We Before Me
BY HAYLEY NIGRELLE | EDITORIAL INTERN
Teamwork is a major part of any sport, job or even just life in general. In my opinion, teamwork is when a group of people work cohesively to obtain a common goal, and to not let pride and egos get in the way. From playing multiple sports over throughout my life to playing basketball at a higher level for 11 years, I have observed that teamwork makes a huge difference between individual players playing a sport to a team playing together as one.
A player must think of the team as a whole and being a united front being inclusive and listening to everyone’s voices while being respectful. The difference between, She/He/They should have…to My bad or I didn’t… is huge. Pushing the blame of a personal mistake onto fellow teammates causes divides and hurt feelings. By taking blame or even owning up to the mistake, the team can work together to make sure the mistake doesn’t happen again. This is a message that many sports team focus on: one person cannot win a game or a championship, but a team can. I once was playing in a basketball game and the team we were playing was falling apart. Their point guard wasn’t passing or talking to any of her teammates and her teammates were visibly angry with her and the game. When working with a team, you should no longer be concerned with self progress instead of team progress.

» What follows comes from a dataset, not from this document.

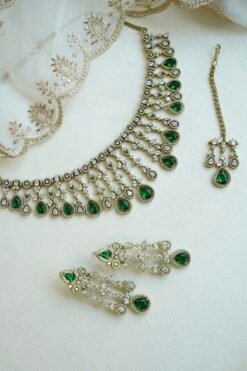 Sarah AD necklace set in green with matching earrings and tikka, South Asian festive jewelry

What does “We Before Me” mean? What role does it play in sports? Chris Blake, a writer for LiveStrong.com wrote an article titled, “10 Things to Remember Before Playing an Important Basketball Game.” Blake lists common recommendations such as rest and practicing at game speed, but he includes We before Me. Blake explains: “We Before Me: A good teammate makes the players around him better. An important game may entice you to try to take over and do too much.” I have experienced the moments of a important game enticing a player to try to take over and do to much. Teammates will tend to not facilitate passing to teammates and will just take the ball into the paint with four people around them, leading to a turnover. I have played with good ball handlers that are so self concerned that they won’t call a play or pass the ball. They will drive to their dominant hand, nine times out of ten, and not make the layup or shot. Many teams try to prevent this from happening, and I wanted to find a team that had implemented the mindset of “We Before Me.”

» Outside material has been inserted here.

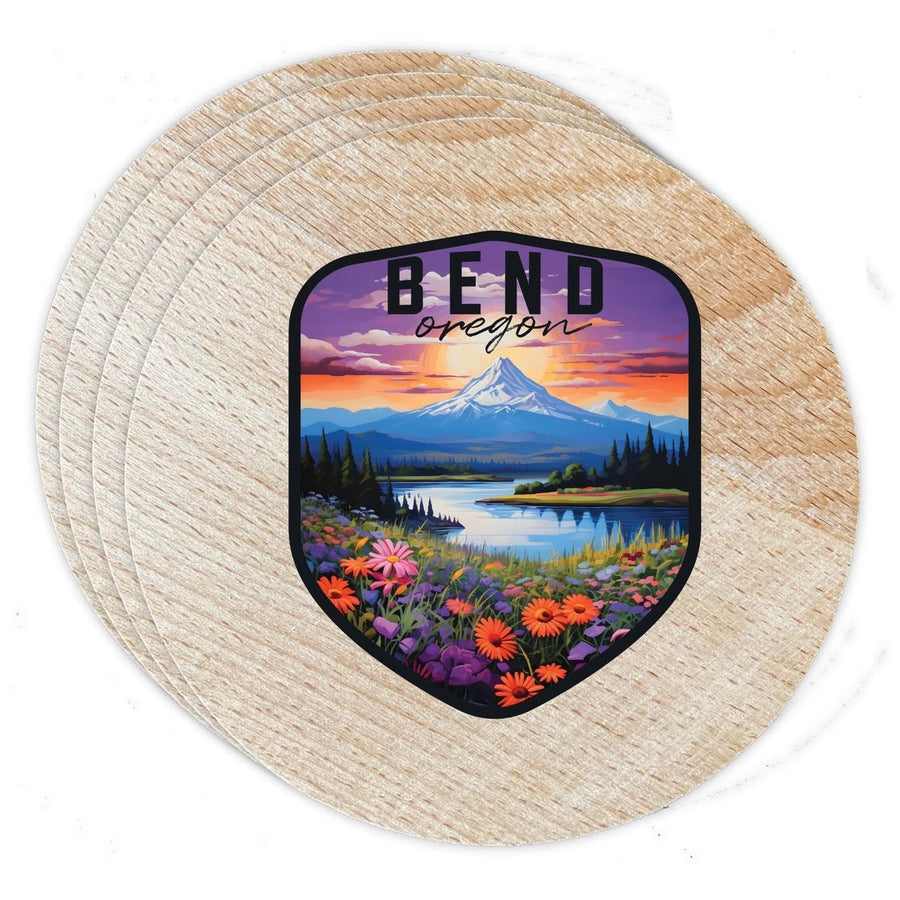 Bend Oregon Design A Souvenir Coaster Wooden 3.5 x 3.5-Inch 4 Pack Image 1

When I started to research girls’ teams that had implemented the mindset of “We Before Me” into their team philosophy, I came across the Chaska girls basketball team. Their coach, Tara Seifert, approaches playoff season with “We Before Me.” In the article about the basketball team, Seifert talks about how their season has formed over the months. When talking about how they are tackling their post season play off games Seifert says: “We're working really hard on our passing, taking care of the basketball, working as a team. Tonight we had 21 assists to 12 turnovers. That's our best assist-to-turnover ratio this season.” When teams have a high assist statistic and work on passing, that means that they facilitate the ball to the other players on the court.
As teams near the end of their season or are reaching closer to regionals or State, players’, and even coaches’ emotions heighten. As this happens, making sure to keep in mind the “We Before Me” part of the game is crucial. The more important and crucial the games are, teamwork can change the whole outcome. For every game it is important for players to reach their full potential. If a player is having a killer night, then giving them the ball may have a good outcome; however, but if a player who isn’t doing the little things for the team then it is good to facilitate the ball. I believe “We before Me” is possible by working together to set up players for success.